You can easily spend over $2000 for an AR-15 with high quality components. If you are going to use it hard in all types of conditions and fire thousands of rounds through it, it will be worth it, and the cost of the rifle will be insignificant when you figure in the cost of the ammo you will be expending - I mean, you can joyfully expend a twenty round magazine in a few seconds, and you've spent 10-15 dollars to kill a milk jug. Or, if you just like to own top quality, and don't mind the initial outlay, that's fine, too.

On the other hand, if you just want a really good shooting and fun semi-auto rifle that hits where you aim, and has the capability for quick follow up shots, you can spend 5 - 6 hundred dollars and have a rifle that will probably last you forever and shoot just as accurately as the $2000 rifle. If something does break, you can buy the part and fix it yourself. Or you can upgrade everything on it, change the barrel yourself, change the stock, add or remove iron sights, scopes, flashlights, lasers, whatever, any time you want.

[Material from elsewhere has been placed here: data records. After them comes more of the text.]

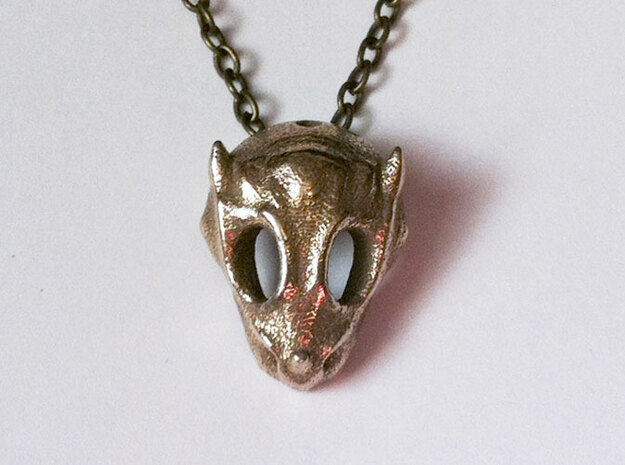 Baby Dragon Skull in Polished Bronzed Silver Steel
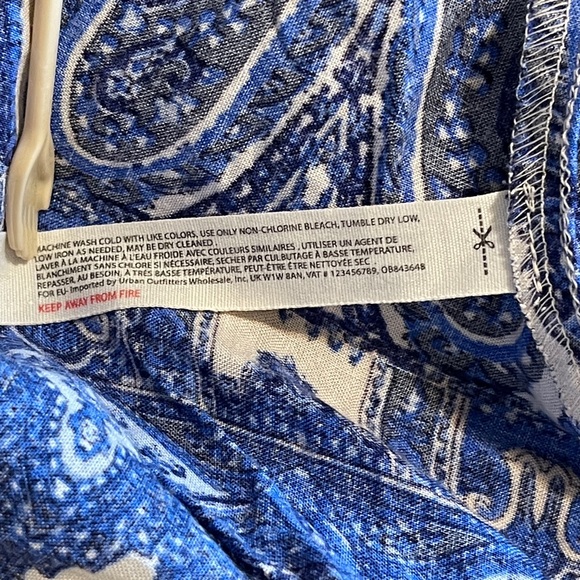 Free People Blue Paisley Lace Halter Mini Dress Boho Coastal Grandma Resort XS - Picture 8 of 10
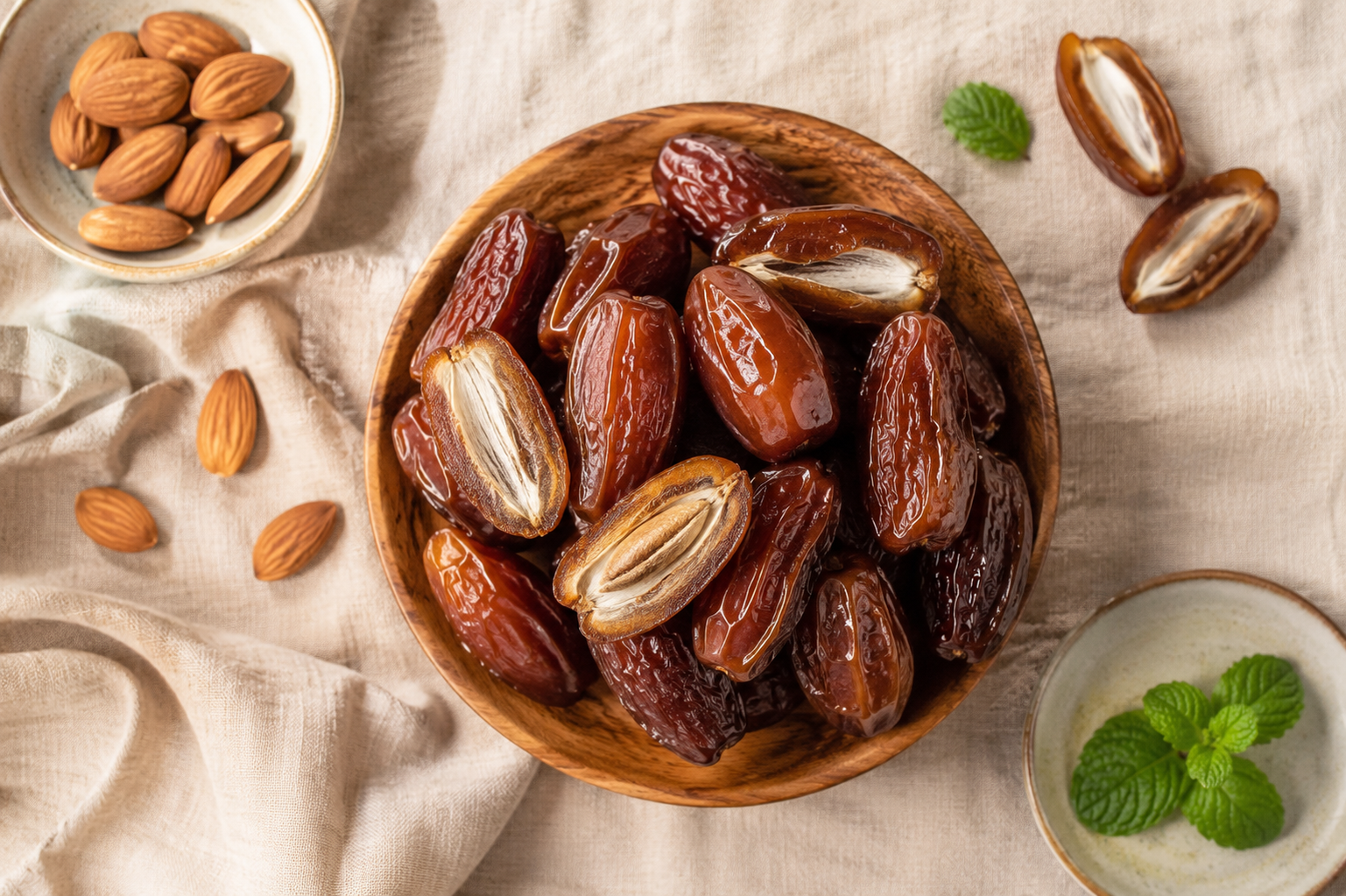 Bowl of fresh dates with nutrition facts showing calories, fiber and vitamins per 100g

The latter of these two choices is the way I chose, because I hand load and prefer to hit my targets with the first shot, and occasionally like to shoot semi-rapid fire at longer ranges, because it is just fun to do. But I never just blow through an entire magazine. I agree with the old gun writer who said that only accurate rifles are interesting, and many of the cheap rifles are just as accurate as many of the expensive rifles...so, they interest me. 

Sure, I really do admire the expensive rifles, but I'd rather spend those extra dollars on ammo.


----------



## CW (Mar 20, 2015)

Perhaps the tougher question is do I want a Piston or DI?

Of course you can buy cheaper - M&P or Ruger, then just get a new upper when your fancies change.


My choice was to watch the used racks and picked up an SR556c and saved a few $$$.


----------



## pic (Nov 14, 2009)

Great answers, very sensible , thank you.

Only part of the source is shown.